On ne peut donc qu’être étonné d’entendre, à l’occasion de cette affaire de voile, des responsables politiques qui se réclament encore ouvertement du marxisme se perdre aussi facilement dans les illusions de la liberté religieuse ! En effet si, comme le laisse supposer leur anticapitalisme militant, l’on prend au sérieux l’idée que c’est le rapport de force dans la production qui commande, alors la liberté individuelle, le choix des modalités de sa croyance religieuse et de l’expression de celle-ci dans l’espace public, ne peut être qu’une illusion, voulue, construite et manipulée… par le système capitaliste pour faire accepter les réels intérêts de celui-ci.
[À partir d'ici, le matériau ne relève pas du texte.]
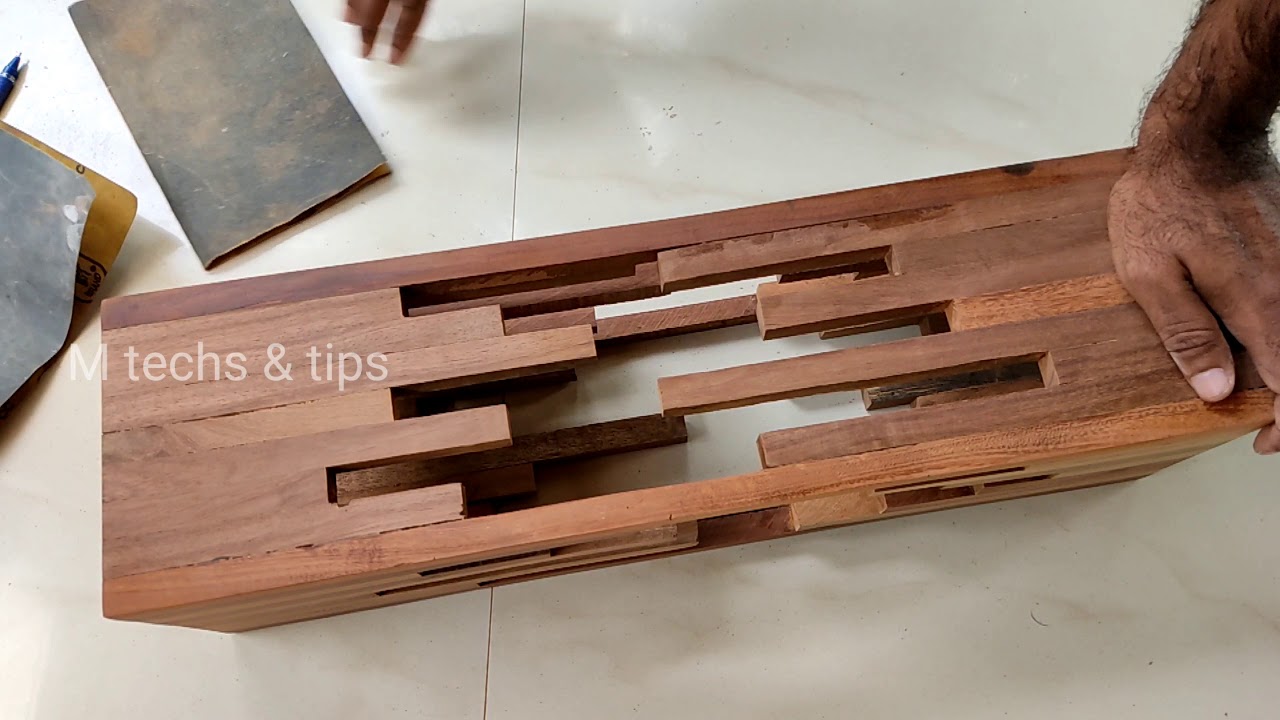 wooden floor lamp making with scrap wood | wooden bed lamp | M techs & tips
En clair, s’ils refusent le capitalisme et la loi du marché, ils doivent alors, en toute logique, refuser les libertés et droits bourgeois, « formels » selon l’expression consacrée, qui vont avec.

Cette étonnante incohérence doctrinale n’a pourtant pas l’air de chagriner grand monde, y compris parmi les intéressés. Olivier Besancenot tient son rôle « d’idiot utile du sarkozysme » et polarise le débat sur un NPA qui n’est pas au mieux de sa forme. Rien ne vaut une bonne polémique pour attirer l’attention des médias et reprendre la main sur l’agenda politique. Mais si on peut comprendre le calcul, on n’en est pas moins frappé par la radicale inconséquence de ce positionnement. Car l’incohérence doctrinale déborde le cadre du débat d’idées pour se répandre en politique, grâce aux médias notamment, friands de ce genre de raccourcis, et dans les esprits des citoyens les mieux intentionnés, au détriment de l’esprit laïque précisément.

Ce pas de deux de l’antilibéralisme avec le libéralisme est enfin préoccupant pour la gauche. Car en stratège aux petits pieds, Olivier Besancenot ravive, par son incohérence doctrinale fondamentale, le clivage sur la République et les principes de la vie en société ; un clivage qui est, au sein de la gauche, bien plus inquiétant et lourd de conséquences que celui qui porte, comme il voudrait nous le faire croire à longueur de tirades formatées pour les médias, sur l’économie.